__Items from a data source__

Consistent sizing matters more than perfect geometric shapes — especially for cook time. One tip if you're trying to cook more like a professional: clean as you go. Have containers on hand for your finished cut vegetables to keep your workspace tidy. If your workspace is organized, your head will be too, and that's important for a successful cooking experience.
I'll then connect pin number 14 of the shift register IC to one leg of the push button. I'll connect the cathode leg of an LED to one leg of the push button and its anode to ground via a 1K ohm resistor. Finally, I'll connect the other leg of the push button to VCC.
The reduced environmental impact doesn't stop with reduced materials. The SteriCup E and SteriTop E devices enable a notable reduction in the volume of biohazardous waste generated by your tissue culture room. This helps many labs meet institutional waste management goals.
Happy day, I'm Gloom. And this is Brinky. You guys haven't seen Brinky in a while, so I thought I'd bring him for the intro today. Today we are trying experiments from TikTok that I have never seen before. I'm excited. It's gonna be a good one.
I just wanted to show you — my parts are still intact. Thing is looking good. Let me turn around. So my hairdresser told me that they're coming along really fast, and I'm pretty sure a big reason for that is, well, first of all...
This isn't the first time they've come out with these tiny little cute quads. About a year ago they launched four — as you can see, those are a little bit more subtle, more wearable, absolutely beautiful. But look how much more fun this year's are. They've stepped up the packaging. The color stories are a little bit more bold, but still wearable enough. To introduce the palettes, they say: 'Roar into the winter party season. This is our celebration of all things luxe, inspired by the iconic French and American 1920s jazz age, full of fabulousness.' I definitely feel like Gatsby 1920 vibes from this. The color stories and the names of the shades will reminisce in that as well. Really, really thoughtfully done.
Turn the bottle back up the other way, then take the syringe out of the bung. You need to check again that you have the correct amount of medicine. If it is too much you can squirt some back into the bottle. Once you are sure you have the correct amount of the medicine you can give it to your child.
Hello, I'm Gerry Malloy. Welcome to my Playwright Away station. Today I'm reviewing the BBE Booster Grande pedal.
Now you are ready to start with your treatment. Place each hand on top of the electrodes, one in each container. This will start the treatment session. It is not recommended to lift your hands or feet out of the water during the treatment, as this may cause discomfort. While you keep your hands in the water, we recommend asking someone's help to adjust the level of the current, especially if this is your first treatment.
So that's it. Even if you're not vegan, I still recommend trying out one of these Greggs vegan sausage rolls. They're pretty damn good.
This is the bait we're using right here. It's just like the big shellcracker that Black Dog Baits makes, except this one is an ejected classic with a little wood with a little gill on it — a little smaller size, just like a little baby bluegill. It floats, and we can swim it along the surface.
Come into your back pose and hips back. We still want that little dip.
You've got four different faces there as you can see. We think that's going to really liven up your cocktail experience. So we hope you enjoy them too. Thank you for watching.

__INSTRUCTIONS FOR THE TASK__
Word for word, retype the lines from the one containing "Hello, I'm Gerry" through the final line of the data, including both ends and nothing more.

__WRITTEN RESPONSE__
Hello, I'm Gerry Malloy. Welcome to my Playwright Away station. Today I'm reviewing the BBE Booster Grande pedal.
Now you are ready to start with your treatment. Place each hand on top of the electrodes, one in each container. This will start the treatment session. It is not recommended to lift your hands or feet out of the water during the treatment, as this may cause discomfort. While you keep your hands in the water, we recommend asking someone's help to adjust the level of the current, especially if this is your first treatment.
So that's it. Even if you're not vegan, I still recommend trying out one of these Greggs vegan sausage rolls. They're pretty damn good.
This is the bait we're using right here. It's just like the big shellcracker that Black Dog Baits makes, except this one is an ejected classic with a little wood with a little gill on it — a little smaller size, just like a little baby bluegill. It floats, and we can swim it along the surface.
Come into your back pose and hips back. We still want that little dip.
You've got four different faces there as you can see. We think that's going to really liven up your cocktail experience. So we hope you enjoy them too. Thank you for watching.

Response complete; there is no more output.